DK-5 Viewfinder Eye Piece Cap - Is it really useful?

Discussion in 'Nikon' started by david_wilson|14, Jan 14, 2008.

  1. Hi,
    I am still quite new to SLR photography so forgive me for my ignorance.
    I have noticed with my D40X that it came with a view finder cap which the
    manual states should be used when using the remote to prevent light entering
    the viewfinder and messing up the reading.

    While I havent had a chance to use this cap, I have been pretty pleased with my
    photos taken using the remote on Manual settings without a cap.

    I am just wondering if this is something you guys think i should definatly be
    using while taking self portraits or has the techonology in cameras made this
    feature close to not worrying about.

    Again I am very new to this so feel free to tell me why I should or shouldnt
    bother with this small device. Any help is appricated. Thanks.
     
  2. It helps in very bright conditions to stop the exposure varying (light entering the 'wrong' way via the eyepiece makes for under-exposure) so it is worth having in your kit bag.

    However, for me it is much easier to read off the exposure with your eye to the finder and then lock in the values you read using M (manual) exposure.

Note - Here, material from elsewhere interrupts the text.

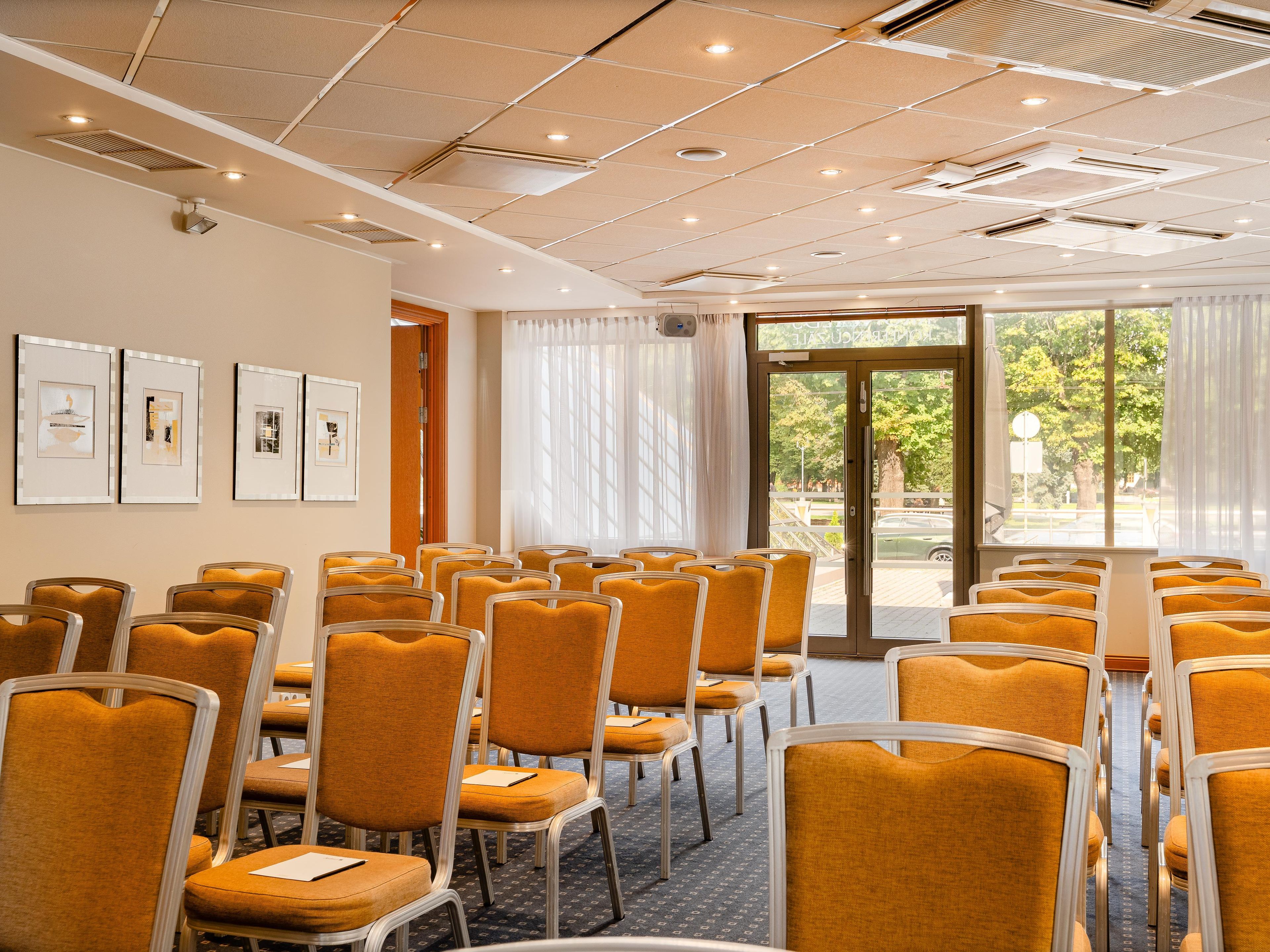 A conference room with rows of chairs, ceiling lights, and framed artwork on the wall.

You can be SURE it will not vary then.

    Ian
     
  3. It is not important if you are shooting in manual mode.

    If you are shooting in anything else, then use it.

    I find it's easier just to shoot manual and being able to look through the viewfinder for composing my shots.
     
  4. Using auto exposure on my D40 with the selftimer, the exposure is 'locked in' as the release is pressed not when the picture is finally made. This means that the eyepiece cover is not really needed; you just shield the eyepiece while you press the release and can then move away from the camera if you want to.

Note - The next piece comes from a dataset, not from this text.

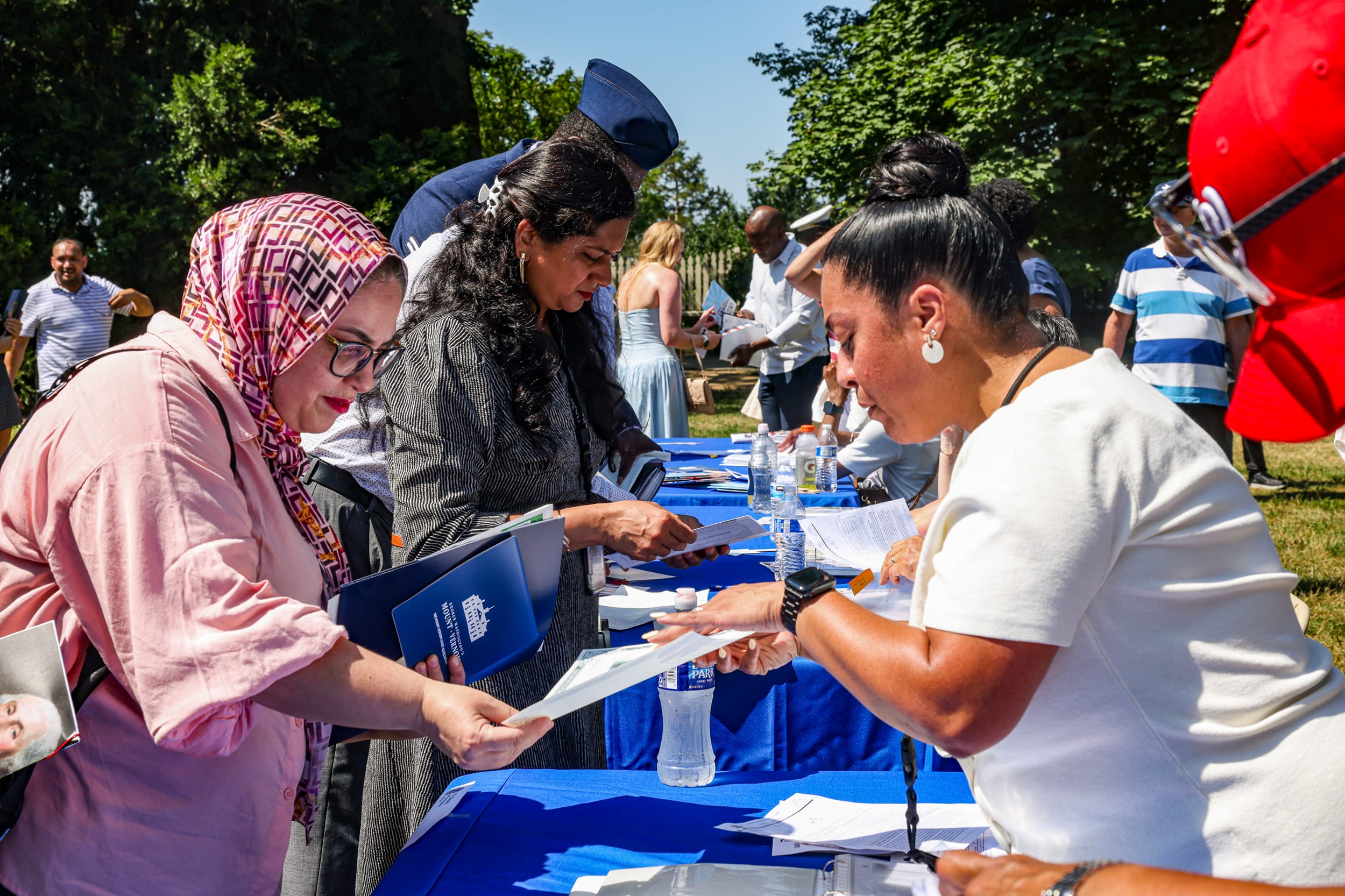 New U.S. citizens receive their naturalization certificate.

    Some people say the cover stops stray light entering the camera body via the viewfinder but I've always believed the raised mirror does that job OK.
     
  5. "Some people say the cover stops stray light entering the camera body via the viewfinder but I've always believed the raised mirror does that job OK."

    Shine a small flashlight into the finder and you'll see the raised mirror is not sufficient :)
     
  6. Bjorn,

    Are you implying that sunlight behind the photographer is enough to degrade shadows by light leakage through the viewfinder?
     
  7. Definitively, yes. The exposure meter is badly affected. Just try for yourself.

    Since the photographer tends to look through the finder, the light leakage is ordinarily not a problem. But for a tripod-mounted camera with any strong light source present behind the camera, the light leakage issue becomes real.